The following diagram should make it geometrically clear that, at least in Euclidean space, the solution is intimately related to orthogonality and the Pythagorean theorem:
\begin{center}
\includegraphics[width=0.5\linewidth]{orthogonal-projection}
\end{center}
Here $\y$ is an arbitrary element of the subspace $S$, and $\y^*$ is the point in $S$ such that $\x-\y^*$ is perpendicular to $S$.
The hypotenuse of a right triangle (in this case $\|\x-\y\|$) is always longer than either of the legs (in this case $\|\x-\y^*\|$ and $\|\y^*-\y\|$), and when $\y \neq \y^*$ there always exists such a triangle between $\x$, $\y$, and $\y^*$.
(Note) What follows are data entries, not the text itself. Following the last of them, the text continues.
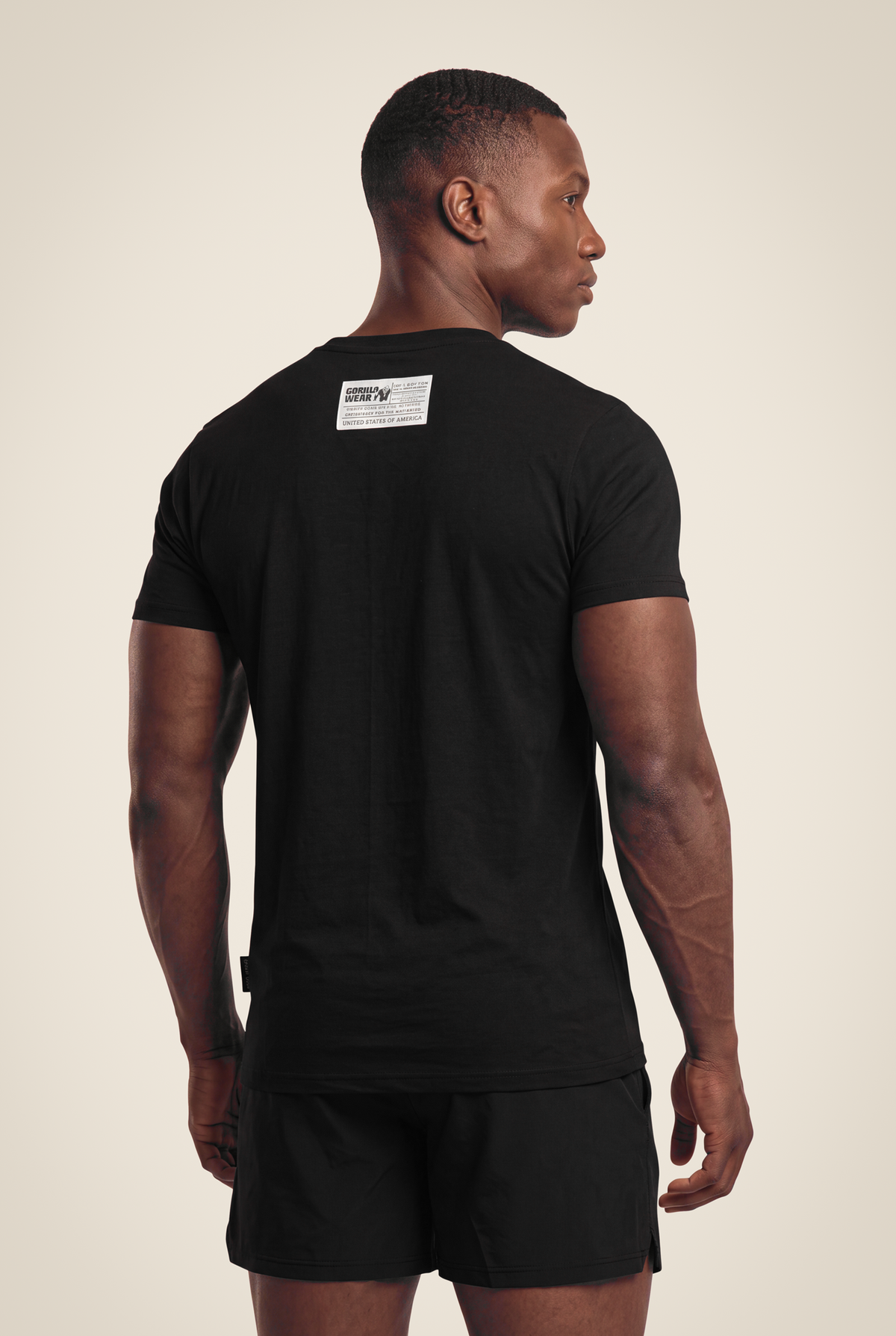 Classic T-shirt - Black/Gold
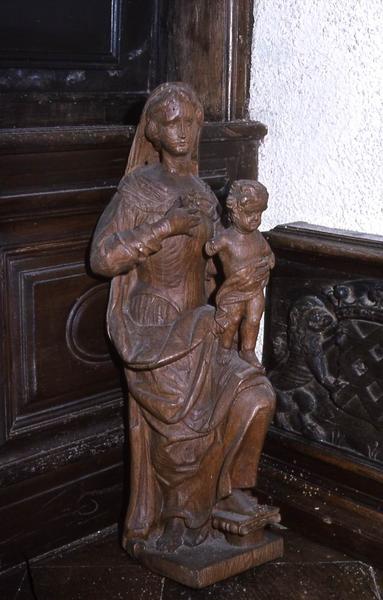 statue : Vierge à l'Enfant - © Monuments historiques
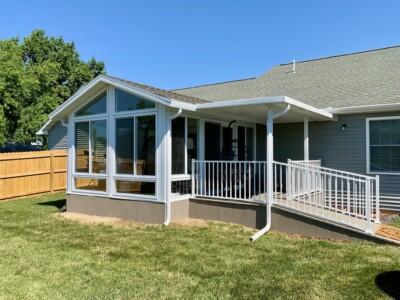 Three Season Sunroom from Doors-N-More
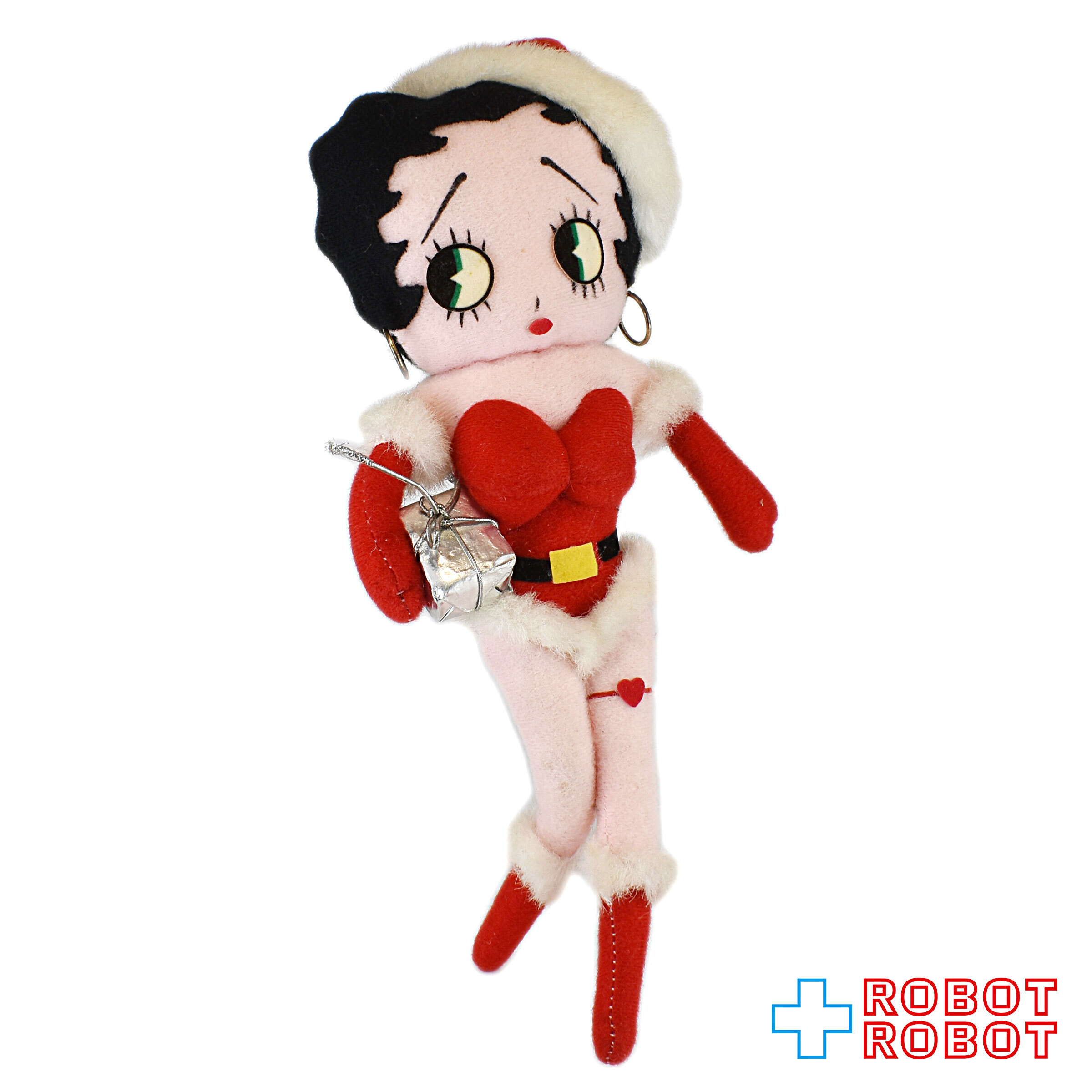 ベティーちゃん サンタクロース ぬいぐるみ人形 システムサービス社 入荷写真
Our intuition from Euclidean space suggests that the closest point to $\x$ in $S$ has the perpendicularity property described above, and we now show that this is indeed the case.
\begin{proposition}
Suppose $\x \in V$ and $\y \in S$.
Then $\y^*$ is the unique minimizer of $\|\x-\y\|$ over $\y \in S$ if and only if $\x-\y^* \perp S$.
\end{proposition}
\begin{proof}
$(\implies)$
Suppose $\y^*$ is the unique minimizer of $\|\x-\y\|$ over $\y \in S$.
That is, $\|\x-\y^*\| \leq \|\x-\y\|$ for all $\y \in S$, with equality only if $\y = \y^*$.
Fix $\vec{v} \in S$ and observe that
\begin{align*}
g(t) &:= \|\x-\y^*+t\vec{v}\|^2 \\
&= \inner{\x-\y^*+t\vec{v}}{\x-\y^*+t\vec{v}} \\
&= \inner{\x-\y^*}{\x-\y^*} - 2t\inner{\x-\y^*}{\vec{v}} + t^2\inner{\vec{v}}{\vec{v}} \\
&= \|\x-\y^*\|^2 - 2t\inner{\x-\y^*}{\vec{v}} + t^2\|\vec{v}\|^2
\end{align*}
must have a minimum at $t = 0$ as a consequence of this assumption.
Thus
\[0 = g'(0) = \left.-2\inner{\x-\y^*}{\vec{v}} + 2t\|\vec{v}\|^2\right|_{t=0} = -2\inner{\x-\y^*}{\vec{v}}\]
giving $\x-\y^* \perp \vec{v}$.
Since $\vec{v}$ was arbitrary in $S$, we have $\x-\y^* \perp S$ as claimed.

$(\impliedby)$
Suppose $\x-\y^* \perp S$.
Observe that for any $\y \in S$, $\y^*-\y \in S$ because $\y^* \in S$ and $S$ is closed under subtraction.
Under the hypothesis, $\x-\y^* \perp \y^*-\y$, so by the Pythagorean theorem,
\[\|\x-\y\| = \|\x-\y^*+\y^*-\y\| = \|\x-\y^*\| + \|\y^*-\y\| \geq \|\x - \y^*\|\]
and in fact the inequality is strict when $\y \neq \y^*$ since this implies $\|\y^*-\y\| > 0$.
Thus $\y^*$ is the unique minimizer of $\|\x-\y\|$ over $\y \in S$.
\end{proof}
Since a unique minimizer in $S$ can be found for any $\x \in V$, we can define an operator
\[P\x = \argmin_{\y \in S} \|\x-\y\|\]
Observe that $P\y = \y$ for any $\y \in S$, since $\y$ has distance zero from itself and every other point in $S$ has positive distance from $\y$.
Thus $P(P\x) = P\x$ for any $\x$ (i.e., $P^2 = P$) because $P\x \in S$.
The identity $P^2 = P$ is actually one of the defining properties of a \term{projection}, the other being linearity.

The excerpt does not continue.